Sur RTL, ce mercredi soir, un match au sommet était annoncé... Charles Michel, président du MR (et Premier ministre) a affronté en direct Elio Di Rupo, président du PS (et ancien Premier ministre). Plusieurs thèmes ont été abordés : le pouvoir d’achat, le climat, les pensions. Comme on pouvait s’en douter, les dossiers socio-économiques ont clairement occupé l’essentiel des discussions entre les deux leaders politiques.

Le pouvoir d’achat au cœur du débat

Animant l’émission, Laurent Haulotte, le directeur de l’information de RTL, s’est très vite rendu compte que le patron du MR et le patron du PS revenaient inlassablement sur les questions de fiscalité, de salaires, de bien-être, alors que le débat avait déjà évolué sur les sujets environnementaux. “C’est apparemment très difficile pour vous deux de parler du climat”, a-t-il commenté…

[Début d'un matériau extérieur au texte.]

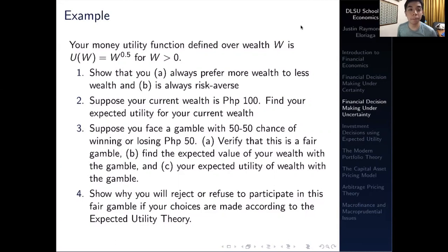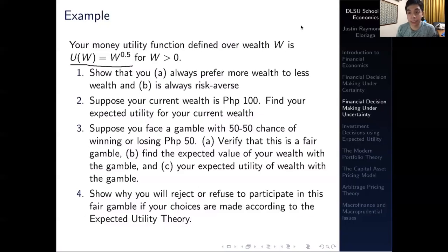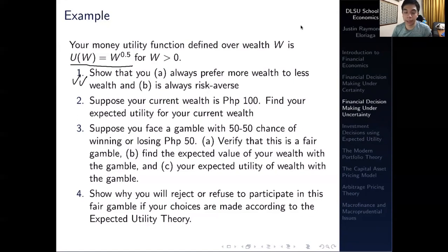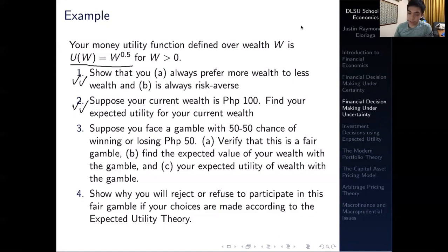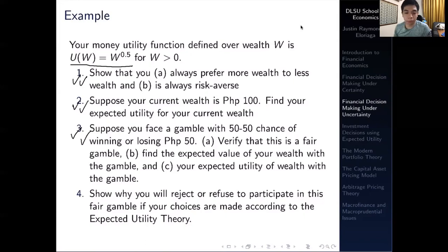For this video we're going to deal with an example covering expected utility, proving the properties of risk aversion, non-satiation in wealth, Jensen's inequality, and some other things — all with an actual mathematical example. So we have this problem: your money utility function defined over wealth is U(W) = W^0.5.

Les libéraux et les socialistes partagent en effet le même souci d’améliorer la situation matérielle des Belges mais divergent quant aux solutions à apporter. Pour faire simple, le MR préfère booster l’économie et le pouvoir d’achat des ménages en baissant les impôts tandis que le PS parle, par exemple, d’augmenter le salaire minimum ou encore de globaliser les revenus (deux idées imbuvables pour le MR).

Il y a eu quelques querelles de chiffres, bien entendu, mais un élément potentiellement important pour l’après 26 mai peut être mis en évidence : Charles Michel et Elio Di Rupo ont soigneusement évité de s’exclure l’un l’autre dans le cadre des futures négociations aux différents niveaux de pouvoir.

Pas d’exclusions réciproques

Interrogé en fin d’émission à ce sujet, Charles Michel a répondu qu’il était candidat à sa reconduction au 16, rue de la Loi, “si c’est pour y mener un projet qui développe économiquement le pays et émancipe les gens”. On le sait favorable à une nouvelle coalition de centre droit, y compris avec la N-VA, mais l’actuel Premier ministre a évité de le répéter en présence d’Elio Di Rupo.

Quant au président du PS, il a clairement annoncé qu’il refusait d’exclure le MR de futurs pourparlers. “Nous refusons par contre de négocier avec la N-VA”, a-t-il précisé. Elio Di Rupo pourrait envisager de diriger à nouveau le gouvernement fédéral pourvu que la coalition en place soit “la plus progressiste possible”.

Charles Michel plus à l’aise

Pour le reste, on notera que Charles Michel avait décidé d’adopter une attitude particulièrement calme et sereine alors que, ces derniers mois, il n’a pas hésité à “incendier” les partis de gauche et la FGTB à chaque fois qu’il en avait l’occasion. Sans doute, en termes de tactique de com’, voulait-il montrer qu’il restait avant tout le Premier ministre et qu’il se devait d’être au-dessus de la mêlée.

Le président libéral, maîtrisant bien ses dossiers, a tout de même mis Elio Di Rupo en difficulté à plusieurs reprises, notamment quand il a critiqué le programme socialiste et les diverses gratuités qu’il promet aux citoyens (“l’option de l’illusion”, selon Charles Michel). Ou encore quand il a accusé le PS de vouloir établir un “cadastre de l’épargne” (en vue de la taxer).